丁白感覺,向來手握主導的自己,這次幾乎感覺不到主導權這玩意兒。
“不是我想,應該是說,我希望湯小姐跟我院合作。”丁白說,“這樣咱們可以強強聯合。這么說吧,你的店,設為我們院的vip分院,以后有錢大家一起賺。”
湯芫覺得這聽起來十分可笑——說得好聽是有錢大家一起賺,這里頭的意思其實就是要把她的店給吞了。
湯芫喝了口剛泡的茶,問:“丁先生,你覺得我是個什么樣的人?”
丁白年紀不小了,明年他就五十了。
一個十幾二十歲的黃毛丫頭問一個五十歲的人這個問題,丁白心里一下子就蹦出一句“小孩子家家說話這樣老氣”來。
然而眼前這個“小孩子”并不簡單,先不說有三家店,誰有錢誰都可以開店,別說三家,三十家都有可能開得出來。
但是這“小孩子”的三家店,除了南岸路這家是正常租憑之外,碼頭那間和案大那間的位置都不尋常,不是有錢就拿得下來的。

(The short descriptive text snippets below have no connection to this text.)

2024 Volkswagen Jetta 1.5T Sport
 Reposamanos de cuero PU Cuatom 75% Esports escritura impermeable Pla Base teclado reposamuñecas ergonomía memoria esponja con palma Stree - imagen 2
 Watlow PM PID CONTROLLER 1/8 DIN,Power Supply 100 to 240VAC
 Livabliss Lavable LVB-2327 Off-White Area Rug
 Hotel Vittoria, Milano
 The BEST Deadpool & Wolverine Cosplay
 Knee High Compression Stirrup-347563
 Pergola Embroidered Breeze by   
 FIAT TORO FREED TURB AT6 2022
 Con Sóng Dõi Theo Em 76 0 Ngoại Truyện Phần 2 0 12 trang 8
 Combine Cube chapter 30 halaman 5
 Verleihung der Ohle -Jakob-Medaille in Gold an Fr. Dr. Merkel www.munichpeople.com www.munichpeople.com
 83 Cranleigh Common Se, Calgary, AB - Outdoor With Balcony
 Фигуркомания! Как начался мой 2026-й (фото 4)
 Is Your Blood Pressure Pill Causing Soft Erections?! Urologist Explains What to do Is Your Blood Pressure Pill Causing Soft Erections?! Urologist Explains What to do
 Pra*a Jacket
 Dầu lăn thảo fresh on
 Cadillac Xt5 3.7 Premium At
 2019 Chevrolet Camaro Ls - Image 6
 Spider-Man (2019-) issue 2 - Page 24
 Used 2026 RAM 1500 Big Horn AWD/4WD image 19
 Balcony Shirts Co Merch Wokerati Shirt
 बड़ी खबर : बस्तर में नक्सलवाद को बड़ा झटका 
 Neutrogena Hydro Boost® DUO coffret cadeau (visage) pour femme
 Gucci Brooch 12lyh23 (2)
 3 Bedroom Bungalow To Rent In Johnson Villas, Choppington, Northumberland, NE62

他想了想,給了個不會出錯的答案:“湯小姐是個有故事的人。”
誰都有故事,這么說不單不會出錯,聽起來還有點恭維的味道。
湯芫著實厭煩這個說話滑頭的中老年院長,說:“我每天過得其實很簡單,跟所有人一樣,早上起來做早飯,上課,然后做午飯,上課,做晚餐,偶爾做點宵夜,沒課的日子,這邊會安排多點客人或者不安排,就這么過一天。”
丁白臉有點僵:“湯小姐的意思是?”
湯芫無語:“丁先生剛才還跟我說著兜圈子的話呢,這會兒不明白了?”
丁白坐直:“那么湯小姐就是不愿意合作了?”
湯芫放下手里的杯子:“丁先生,我這是小本生意,高攀不起貴公司。”
“那好。”丁白站起來,笑得意味深長,“那我們就是競爭對手了,再見。”
這句“再見”說了沒幾個小時,又來了個丁白2號。
汪琪翻著白眼進廚房,回頭關了門,小聲說:“外頭那個是丁白他兒子吧!倆神經病!”
“怎么說?”湯芫正準備跟汪琪說吃個早點的晚飯,然后她好早點回去洗好澡,舒舒服服地跟莊時澤視頻呢。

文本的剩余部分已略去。